- _Exercise_
With the pictures left out, print exactly the lines below that run from the one containing "温室によっては11が開花します" through the one containing "Темно-зеленые капли".

- _Dataset content_
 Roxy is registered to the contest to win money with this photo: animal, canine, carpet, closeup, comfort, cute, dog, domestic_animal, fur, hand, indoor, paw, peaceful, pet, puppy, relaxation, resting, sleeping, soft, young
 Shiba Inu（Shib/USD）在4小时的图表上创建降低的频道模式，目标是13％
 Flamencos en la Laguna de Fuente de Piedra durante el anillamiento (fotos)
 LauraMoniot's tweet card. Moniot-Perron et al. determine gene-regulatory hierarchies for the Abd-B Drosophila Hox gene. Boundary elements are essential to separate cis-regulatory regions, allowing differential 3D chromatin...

---

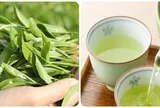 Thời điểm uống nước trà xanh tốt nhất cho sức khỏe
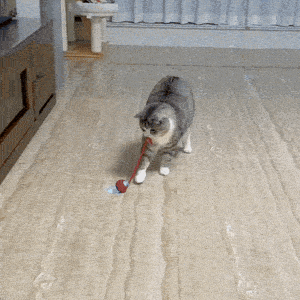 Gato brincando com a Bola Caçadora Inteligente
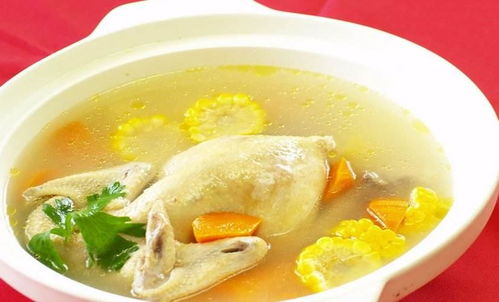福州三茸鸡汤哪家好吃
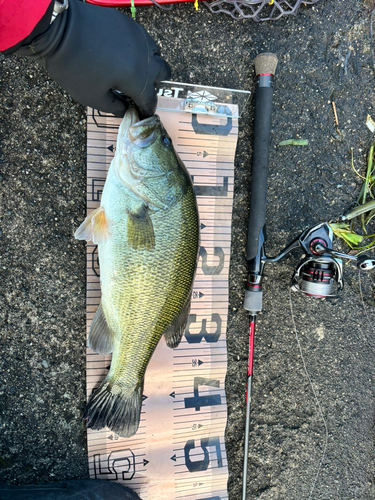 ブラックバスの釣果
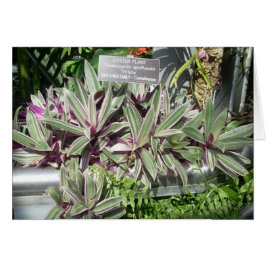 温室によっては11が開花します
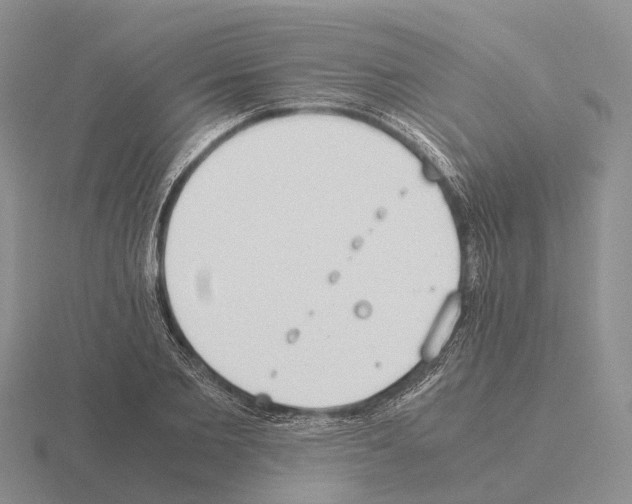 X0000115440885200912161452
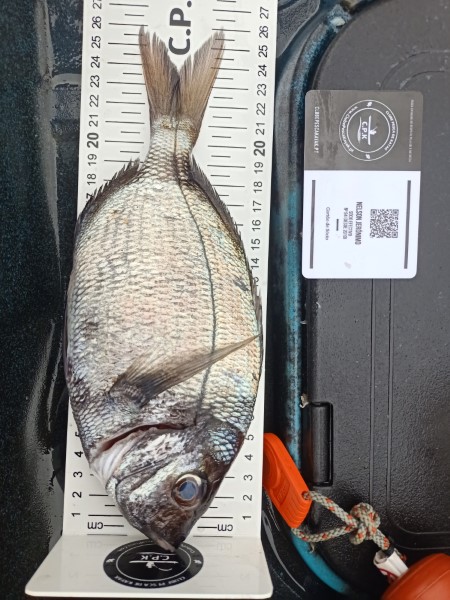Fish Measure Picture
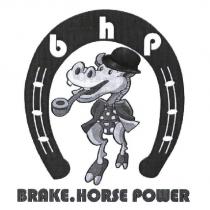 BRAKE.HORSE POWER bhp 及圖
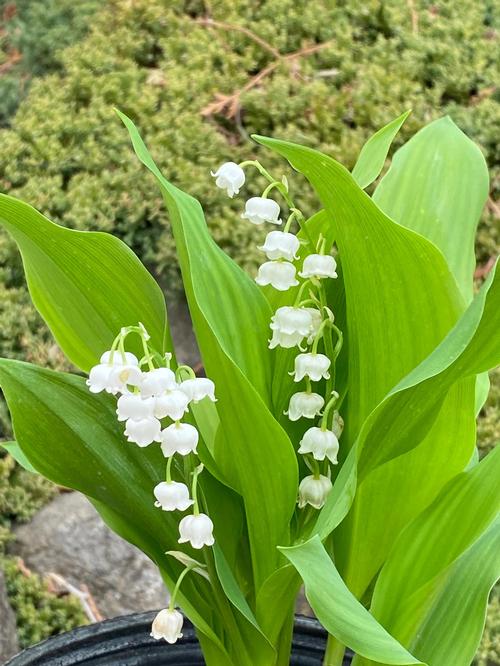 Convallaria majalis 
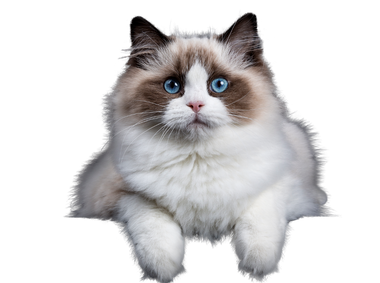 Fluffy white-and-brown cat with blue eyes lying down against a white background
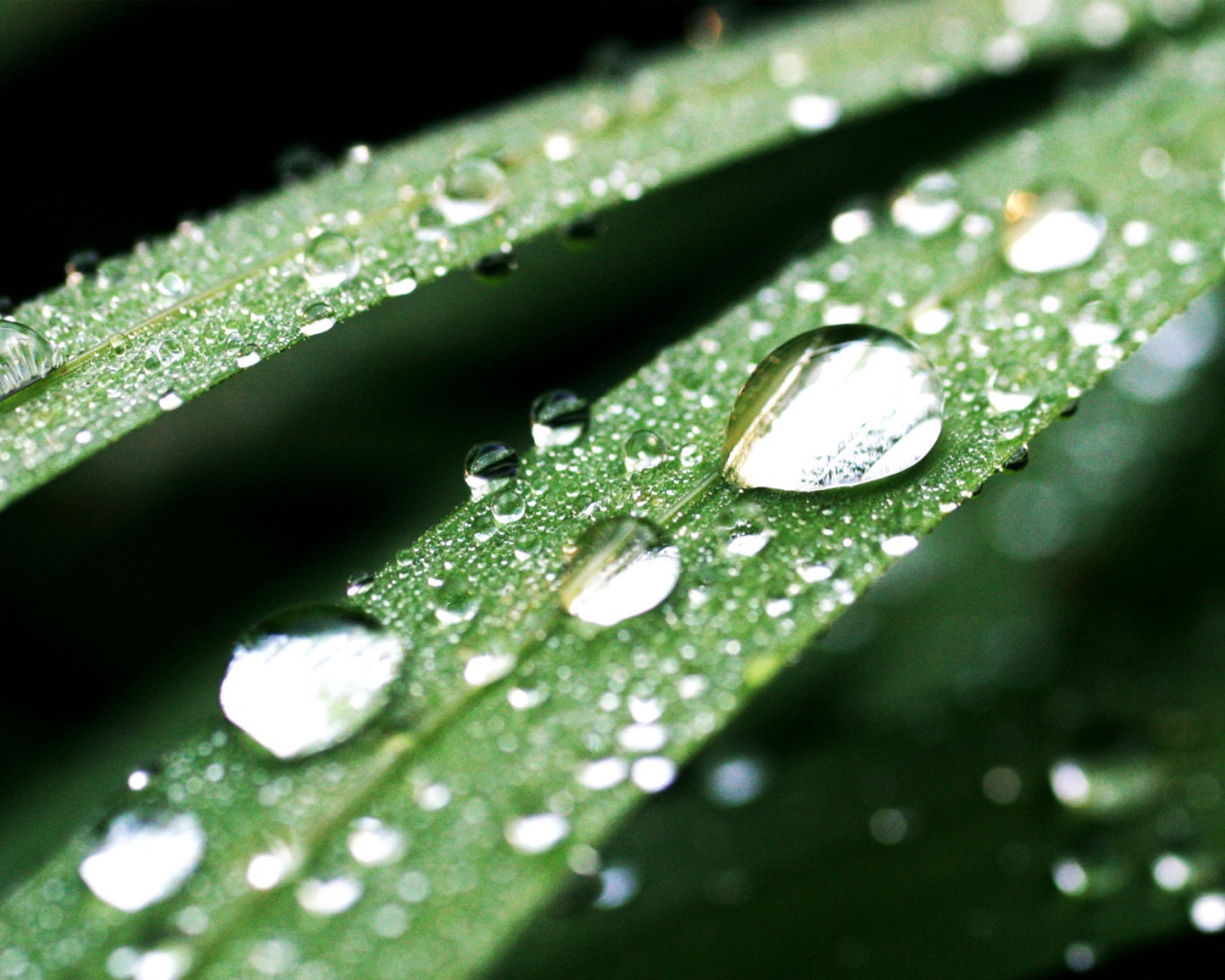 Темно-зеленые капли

- _Exercise answer_
 温室によっては11が開花します
 X0000115440885200912161452
Fish Measure Picture
 BRAKE.HORSE POWER bhp 及圖
 Convallaria majalis 
 Fluffy white-and-brown cat with blue eyes lying down against a white background
 Темно-зеленые капли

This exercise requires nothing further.